Student parents are key to our post-pandemic recovery
As students quickly shifted to remote learning with the COVID-19 pandemic in March 2020, Ashley de Jesus shifted to another reality — parenthood.
In addition to adjusting to a new learning landscape, Ashley, a single mother, found herself navigating a social welfare system whose offices were being shuttered. She recalls feeling unmotivated to study as she continued to work (virtually) and adjust to a newborn. She even considered taking a semester off. But the promise she made to herself, and the inspiration from her newborn, kept her going.
Student parents — students raising children while enrolled in a two- or four-year college — are typically 22 percent of the undergraduate student population. They are fathers, mothers, and nonbinary parents, though they are largely women of color, single, and low income. Some, like me, became first-time parents in college.
COVID created a caretaking crisis that not only pushed hundreds of thousands of parents, women in particular, out of the workforce, but also led to women putting a pause on their education to care for children and other dependents. The total number remains unknown, largely because campuses rarely collect data on student parents. As a result, student parents are often unrecognized as a significant student population, feeding the stigma against these skilled and ambitious students. Amidst an ongoing emphasis on “diversity and inclusion,” parenthood as a life experience should be, but is rarely, included within our diversity frameworks. Without it, student parents are left out of targeted student success efforts and how we tell the story about who our students are, and who they can and should be.
So what does the disappearance of student parents — women, in particular — mean for our economy and higher education?
A 2020 report by the Institute for Women’s Policy Research shows some of the greatest impact and return on investment happens when we invest in higher education for single mothers, 88 percent of whom live below the poverty line despite at least 60 percent of them working 20 or more hours a week. Meanwhile, just 8 percent of single mothers earn a degree within six years, compared with slightly over half of women in college who are not mothers. The odds are, indeed, against them. But when they obtain degrees, it is transformational — for them, their families, and our economy.
Single mothers with bachelor’s degrees earn over $600,000 more than those with high school diplomas over the course of their lives and contribute more than $200,000 more in taxes. A $14 billion investment in providing childcare for single mothers in college would result in an $89 billion economic return due to tax contributions and decreased dependence on social welfare.
Investing also creates a second generation effect, as children gain better access to housing and health insurance and are also more likely to attend and graduate from college. How can we act now to ensure we see these benefits in the future?
Subsidized child care is the greatest investment that campuses can make in student parents. Students with small children, like Ashley, who wanted to return to campus but stayed online, struggle with either no campus child care options or campus child care centers with waiting lists with an average of 82 children per center. In fact, the IWPR found that campus child care centers meet just 5 percent of student parent need. Priority registration, food pantries with baby food and diapers, and parking for students with children can also provide significant support.
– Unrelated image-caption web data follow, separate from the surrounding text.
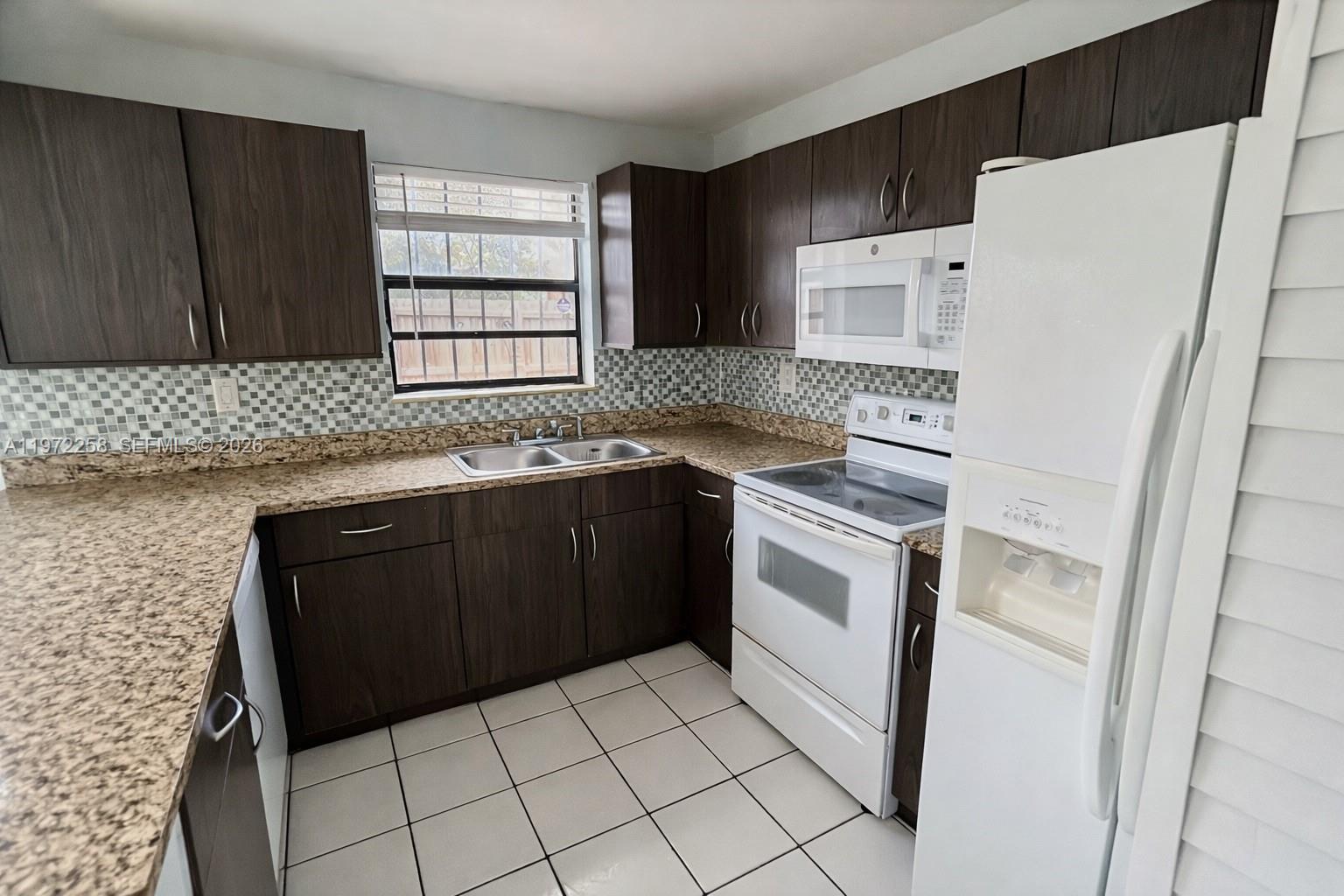 10900 Northwest 7th Street, Unit 101 Miami, FL 33172 - Photo 2 of 10 a kitchen with a sink a stove a refrigerator and cabinets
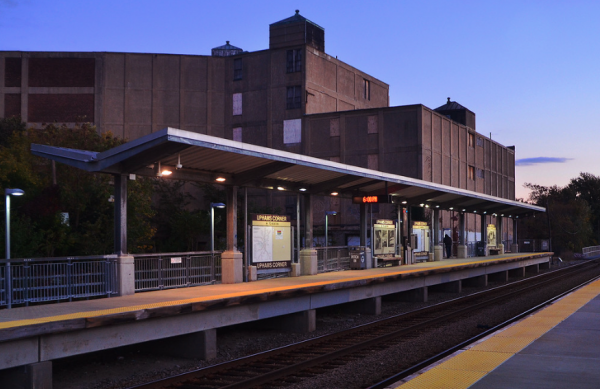 Uphams Corner: The Fairmount Line has spurred some new development along its route. The Leon Electric building, which hulks over the Uphams Corner station platform, has not yet been unlocked for redevelopment, however. Photo by Chris Lovett
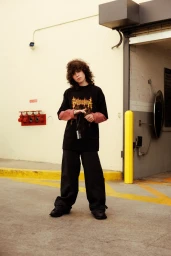 A person with curly hair wearing a black graphic t-shirt over a pink long-sleeve shirt and dark wide-leg trousers standing outdoors.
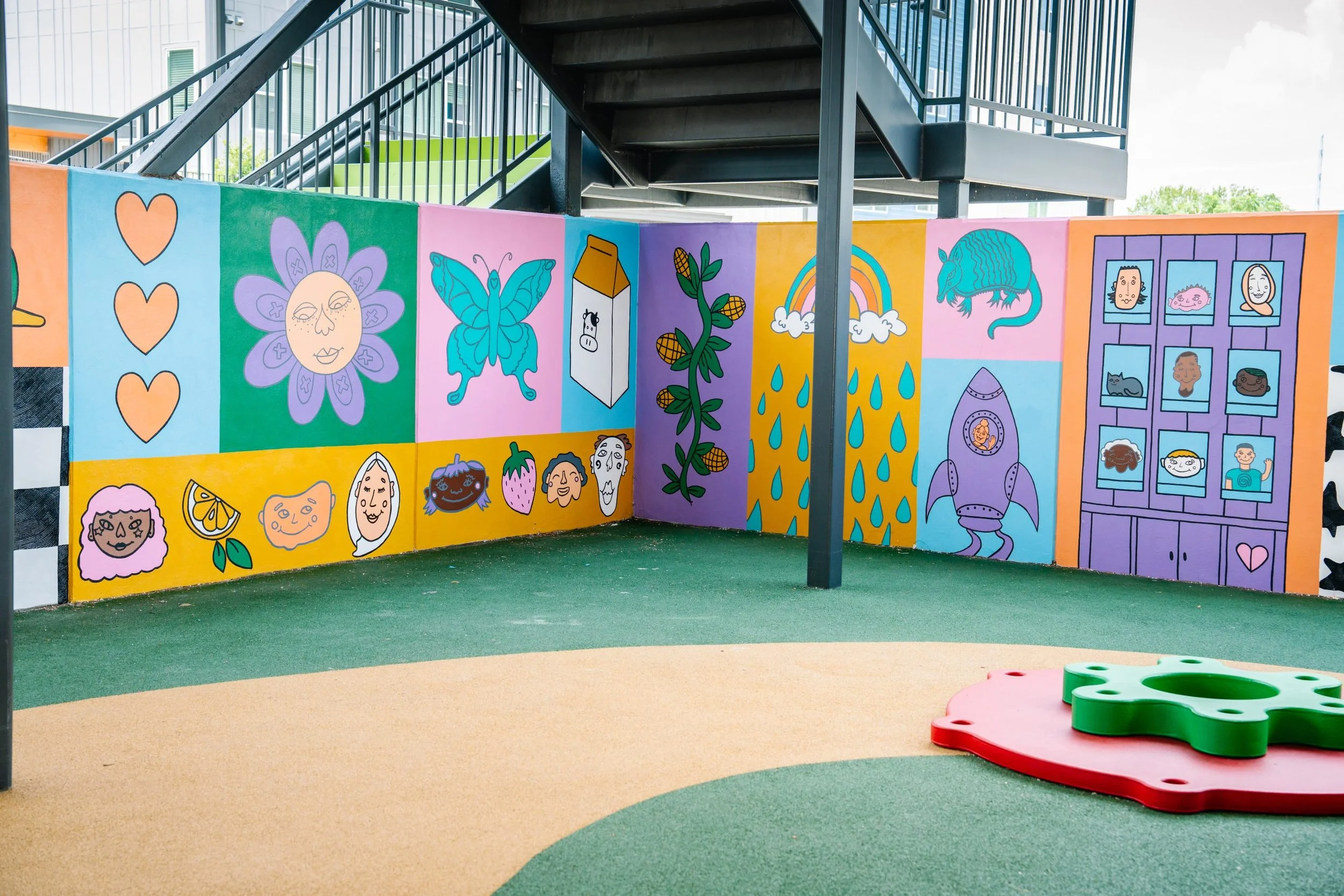Colorful playground wall featuring a mural with cartoon faces, animals, rainbows, and abstract designs. The ground is covered with multicolored rubber flooring. There are climbing structures and play equipment.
Further, institutions can revisit their academic policies to be more inclusive of caregivers. Ashley recalls being penalized for not having her camera on during Zoom classes while she tended to her baby. Policies like Title IX tend to emphasize sexual assault protections, obscuring pregnant students’ rights to make up coursework or submit alternative assignments if they have pregnancy-related excuses.
But sometimes the law isn’t enough. Despite knowing about Title IX, Ashley submitted course assignments while she was in labor because she was unsure of how the challenges of becoming a new parent — an identity that Title IX does not protect — would complicate her ability to persist. Institutional messaging and policies that recognize caregivers as part of their population are essential for creating student parent- and family-friendly climates. Further, student parents should have representation in recruitment and marketing materials, and a presence on websites and in diversity mission statements.
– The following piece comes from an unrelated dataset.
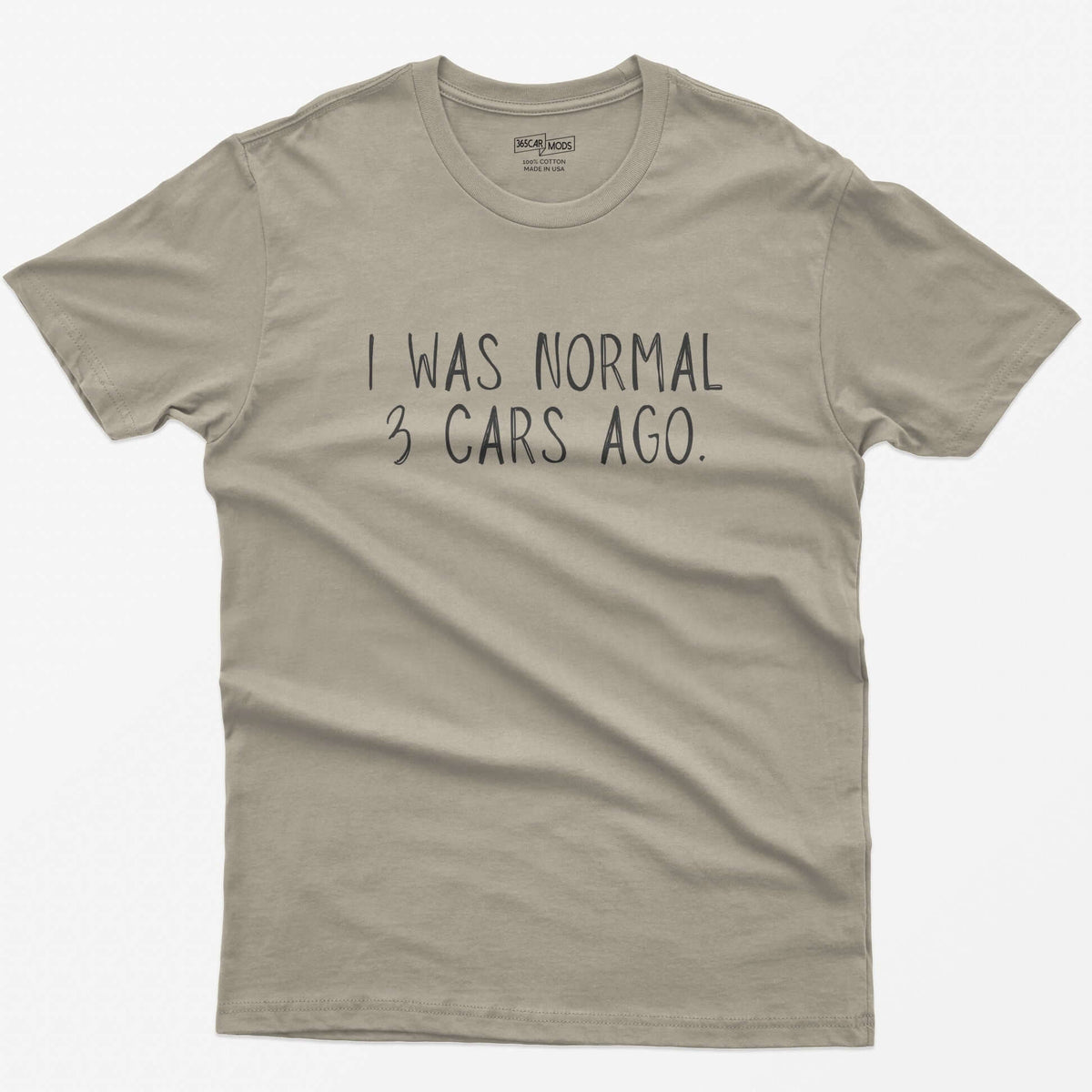 Sand t-shirt with thin hand-lettered white text reading I Was Normal 3 Cars Ago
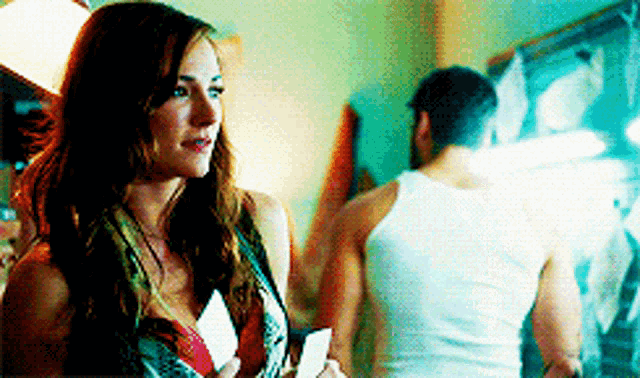 a woman in a tank top is holding a card in her hand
But the work should not be only about the economic rationale for supporting these students. It’s simply the right thing to do. Student parents enrich the classroom by connecting theory and data with lived experience in tangible ways. In fact, according to my survey of student parents at Fresno State, over 80 percent of respondents reported that being a parent made them a better student. Supporting student parents improves racial equity and promotes educational justice.
When Ashley looks to the future she sees herself working on a college campus where she can advocate for student parents, like herself. Though Ashley’s support system helped her to continue her educational journey, despite the hardships, others may not be as fortunate. Student parents are already twice as likely to leave college before graduating than students who are not parents; what higher education and its legislative and philanthropic partners do in this moment to reach and support these students will have implications for generations to come.
Indeed, our recovery as a nation as we emerge from this pandemic depends on how we support student parents and empower them toward degree completion — and the personal, societal, and generational benefits that come along with their hard-earned education.
Larissa M. Mercado-López is a Full Professor of Women’s, Gender & Sexuality Studies at California State University, Fresno.